■ **Data in this exercise**:
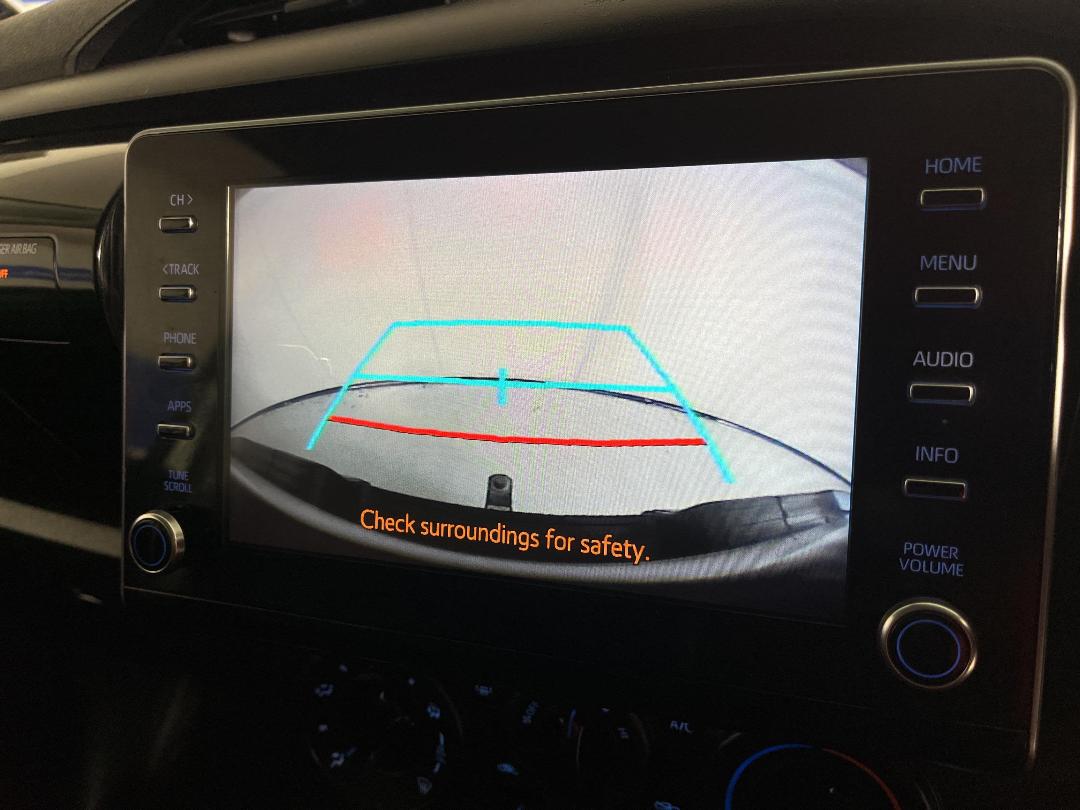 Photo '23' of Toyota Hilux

* * *

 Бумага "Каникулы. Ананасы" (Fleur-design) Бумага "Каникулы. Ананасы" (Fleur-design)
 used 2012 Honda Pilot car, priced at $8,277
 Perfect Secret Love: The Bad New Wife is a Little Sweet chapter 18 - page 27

--

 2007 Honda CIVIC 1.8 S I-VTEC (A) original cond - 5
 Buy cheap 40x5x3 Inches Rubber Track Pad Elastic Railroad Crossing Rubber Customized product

■ **Aim of the task**: Which lines in the records above hold the string "Honda"? Copy each of them.

■ **Written reply**:
 used 2012 Honda Pilot car, priced at $8,277
 2007 Honda CIVIC 1.8 S I-VTEC (A) original cond - 5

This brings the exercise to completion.